▸ **WHAT YOU ARE ASKED TO DO**
The line containing "stupell industries Lettered" and every line after it, through the end of the records below, are to be reproduced exactly, with the pictures left out.

▸ **DATA RECORDS**

*** Block opens ***

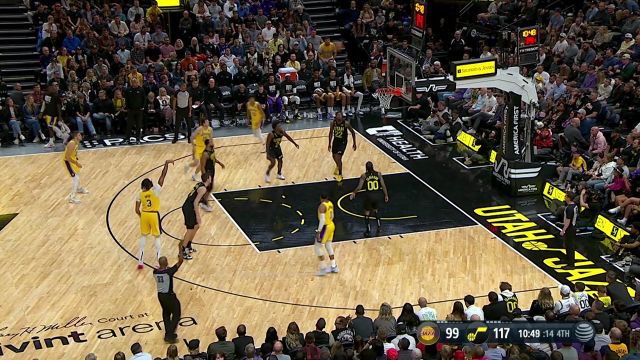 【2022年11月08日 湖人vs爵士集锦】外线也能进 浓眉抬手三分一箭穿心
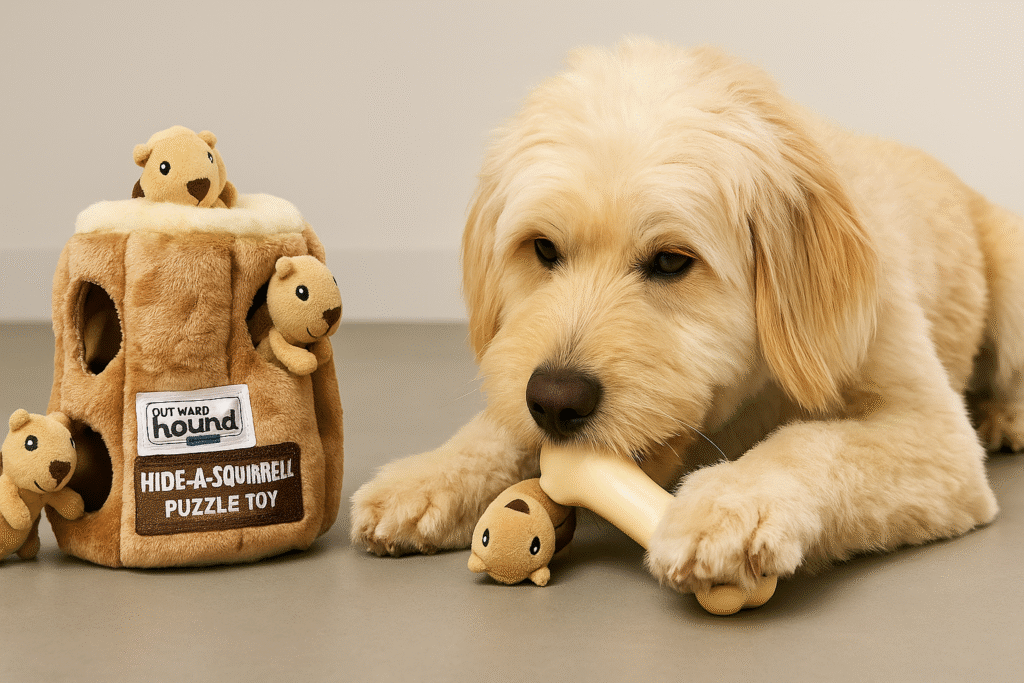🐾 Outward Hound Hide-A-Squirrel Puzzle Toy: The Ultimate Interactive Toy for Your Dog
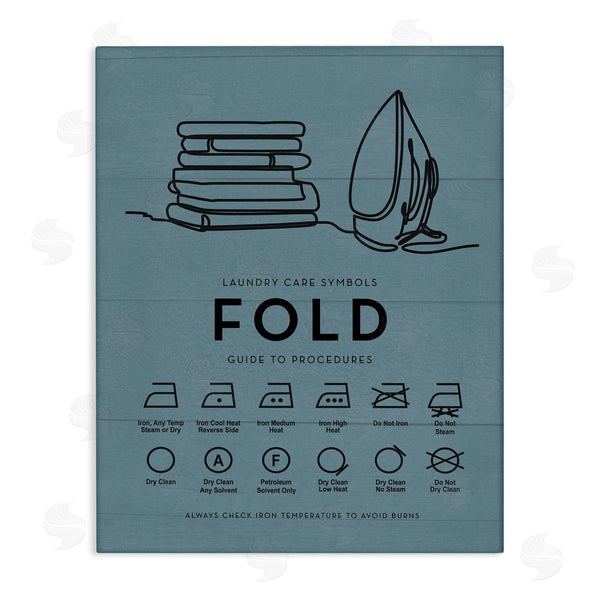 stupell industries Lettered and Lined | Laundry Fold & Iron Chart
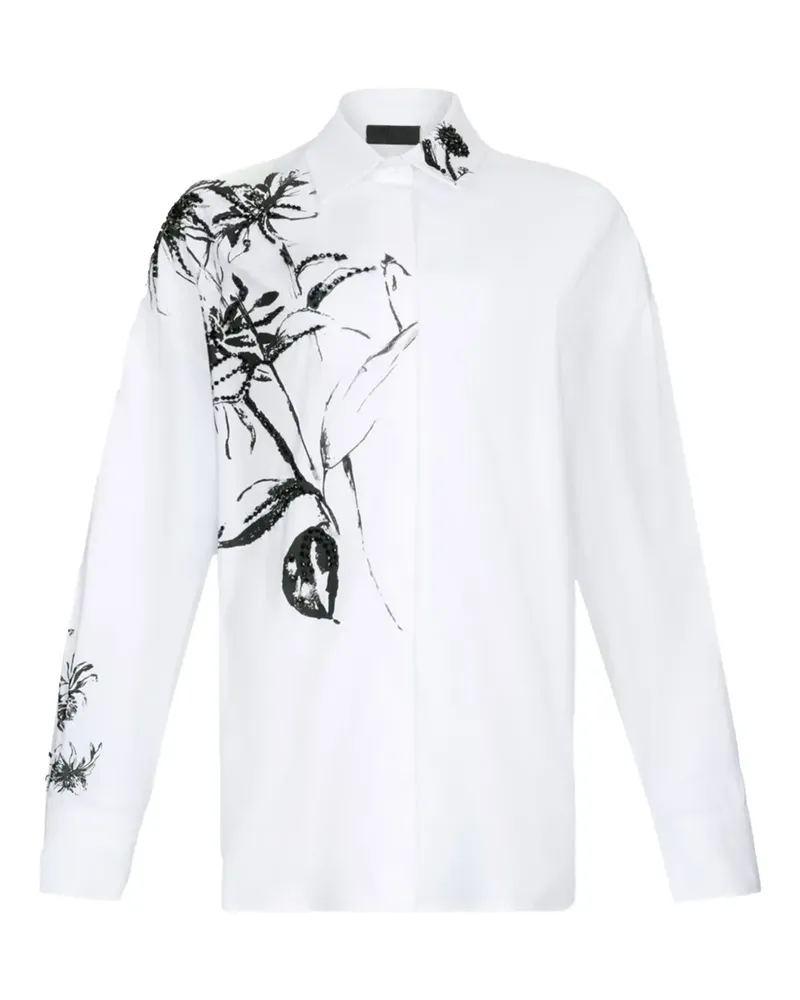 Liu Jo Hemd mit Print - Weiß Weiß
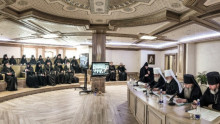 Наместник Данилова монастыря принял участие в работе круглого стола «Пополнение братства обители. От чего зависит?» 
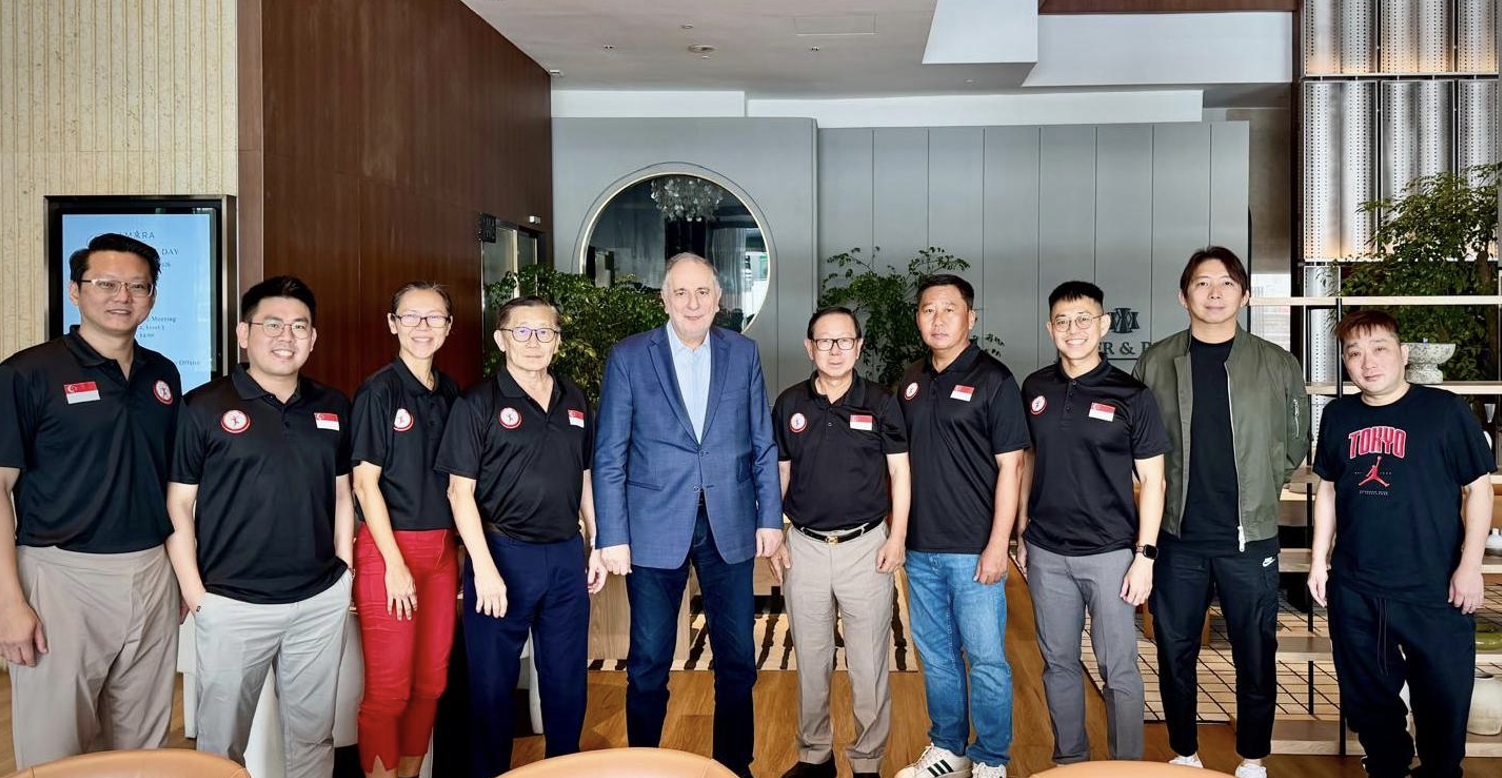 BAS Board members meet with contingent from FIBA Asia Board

*** Block closes ***

▸ **WRITTEN ANSWER**
 stupell industries Lettered and Lined | Laundry Fold & Iron Chart
 Liu Jo Hemd mit Print - Weiß Weiß
 Наместник Данилова монастыря принял участие в работе круглого стола «Пополнение братства обители. От чего зависит?» 
 BAS Board members meet with contingent from FIBA Asia Board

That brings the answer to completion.